Records for the task =>
##############################
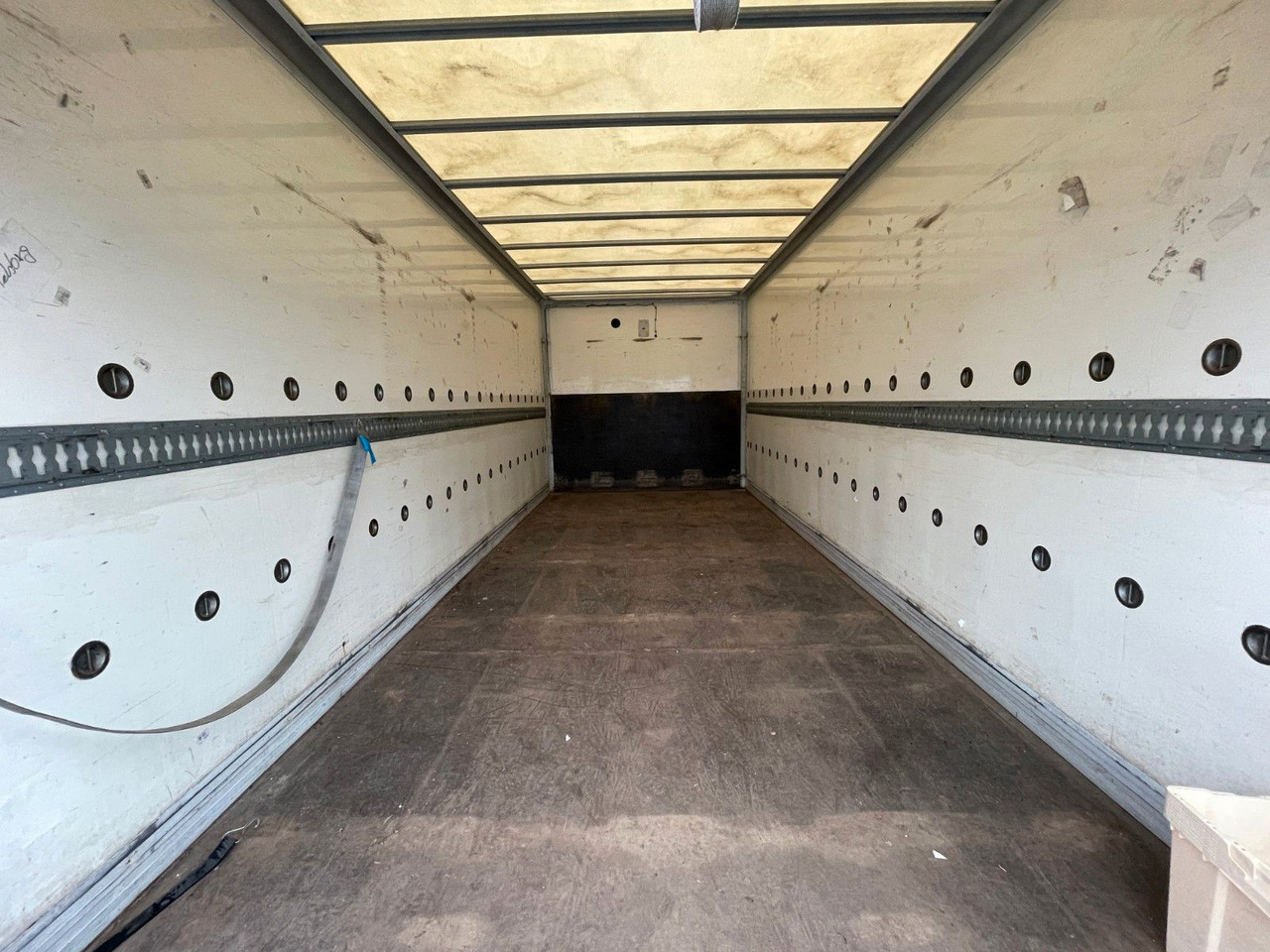 Iveco ML75E18 Blumen Koffer LBW Klimaanlage EEV ML80 Iveco ML75E18 Blumen Koffer LBW Klimaanlage EEV ML80 - Carrinha de contentor: foto 5 Iveco ML75E18 Blumen Koffer LBW Klimaanlage EEV ML80 Iveco ML75E18 Blumen Koffer LBW Klimaanlage EEV ML80 - Carrinha de contentor: foto 5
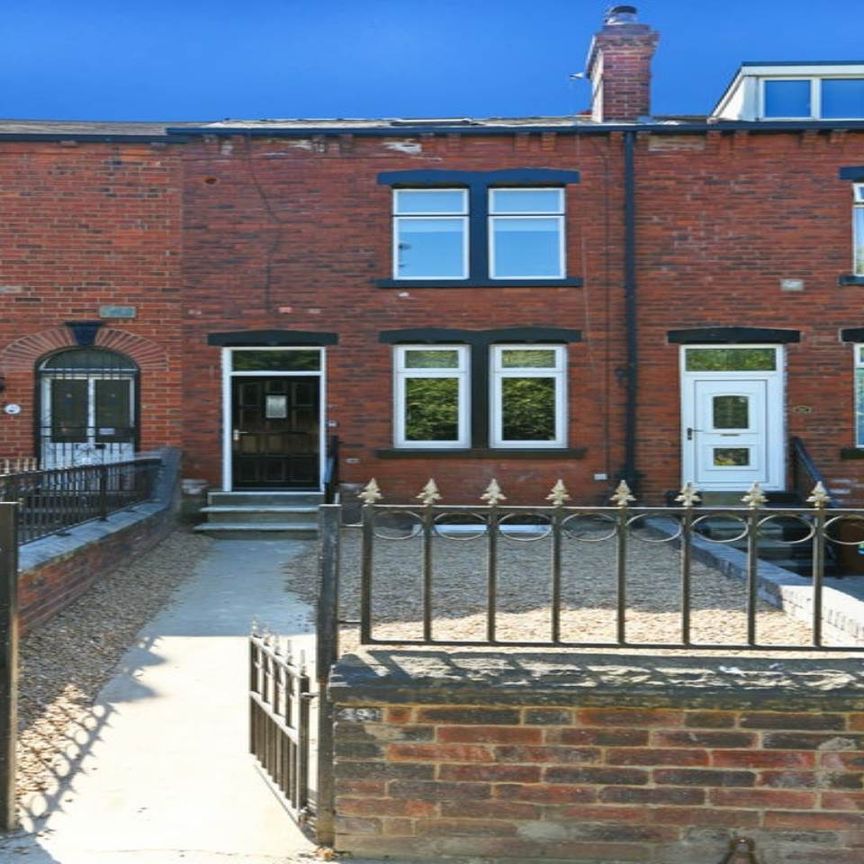 Silver Royd Hill (room 2), Armley , Leeds - Photo 1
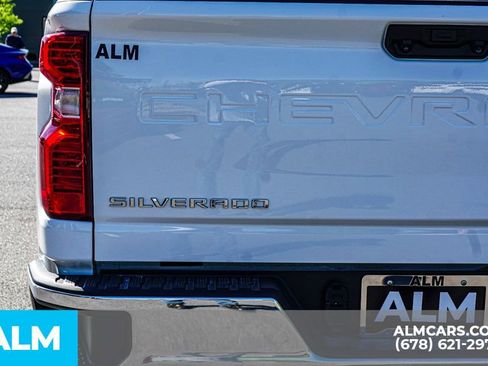 Used 2025 Chevrolet Silverado 2500 LT w/ Convenience Package AWD/4WD image 13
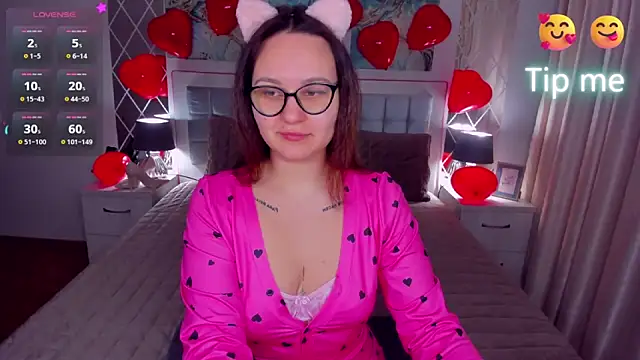 EsterLogan online show from February 15, 2025, 6:55 am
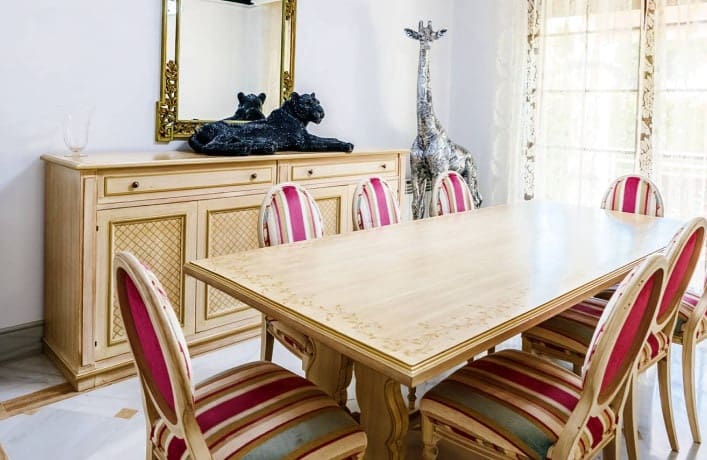5 bedroom Villa for sale in Marbella with pool garage - € 1,940,000 (Ref: 10066510)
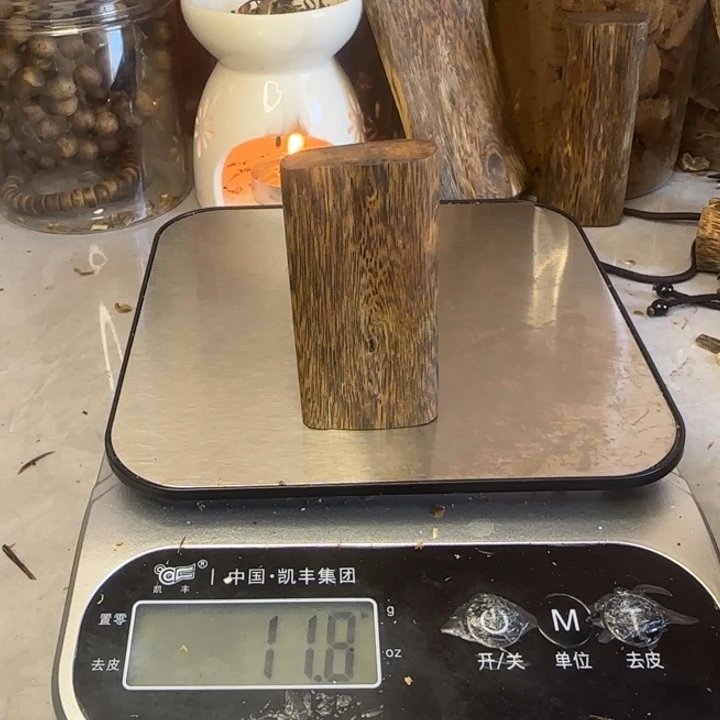 王***7木质类11.6克平安无事牌子的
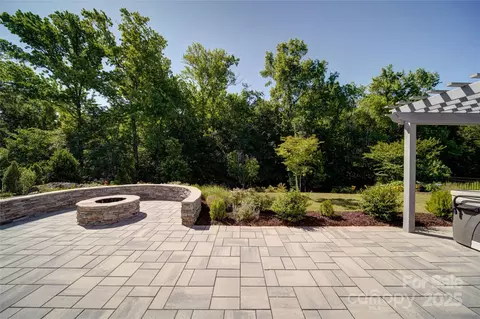 Exterior - 2035 Beacon Ave, Monroe, NC 28110 photo 3 of 7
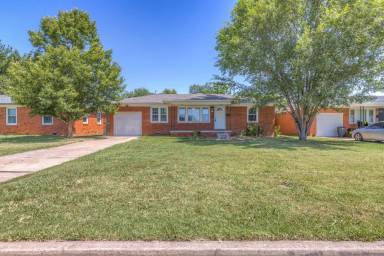 Main picture of 9115 E Latimer Pl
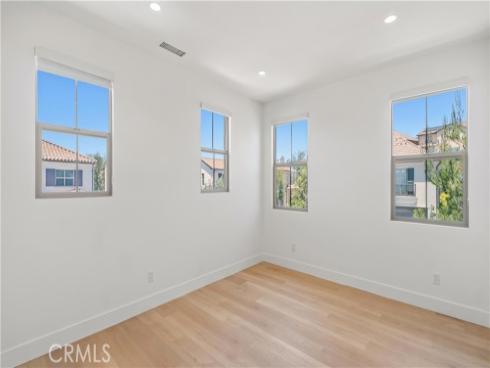 218 Evaroad , Irvine, CA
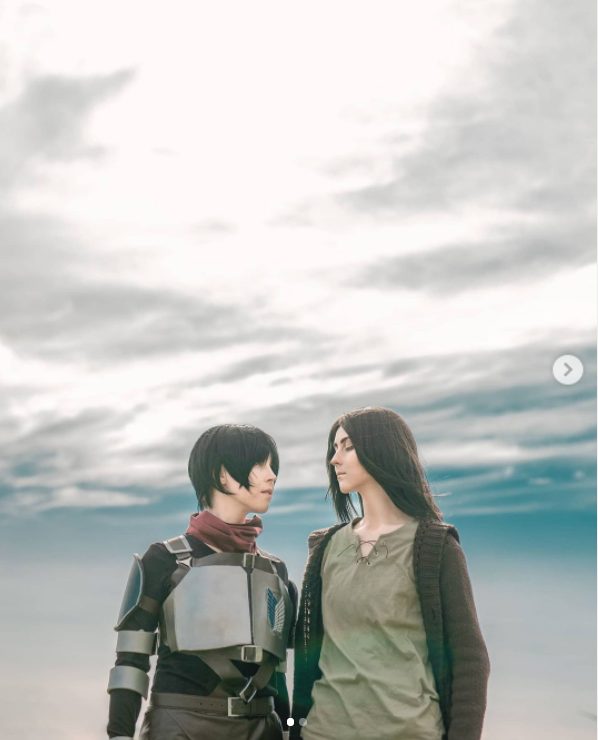 Eren Jaeger y Mikasa Ackerman Cosplay.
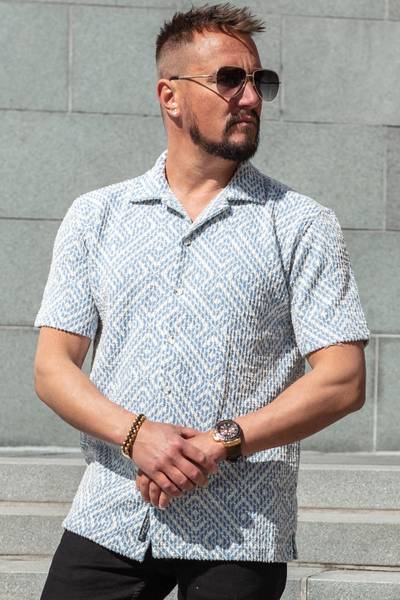 Camisa azul de manga corta con textura estructurada CARISMA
##############################
What is expected =>
Each record should be copied exactly, and each image left out.

Answer to the problem =>
 Iveco ML75E18 Blumen Koffer LBW Klimaanlage EEV ML80 Iveco ML75E18 Blumen Koffer LBW Klimaanlage EEV ML80 - Carrinha de contentor: foto 5 Iveco ML75E18 Blumen Koffer LBW Klimaanlage EEV ML80 Iveco ML75E18 Blumen Koffer LBW Klimaanlage EEV ML80 - Carrinha de contentor: foto 5
 Silver Royd Hill (room 2), Armley , Leeds - Photo 1
 Used 2025 Chevrolet Silverado 2500 LT w/ Convenience Package AWD/4WD image 13
 EsterLogan online show from February 15, 2025, 6:55 am
5 bedroom Villa for sale in Marbella with pool garage - € 1,940,000 (Ref: 10066510)
 王***7木质类11.6克平安无事牌子的
 Exterior - 2035 Beacon Ave, Monroe, NC 28110 photo 3 of 7
 Main picture of 9115 E Latimer Pl
 218 Evaroad , Irvine, CA
 Eren Jaeger y Mikasa Ackerman Cosplay.
 Camisa azul de manga corta con textura estructurada CARISMA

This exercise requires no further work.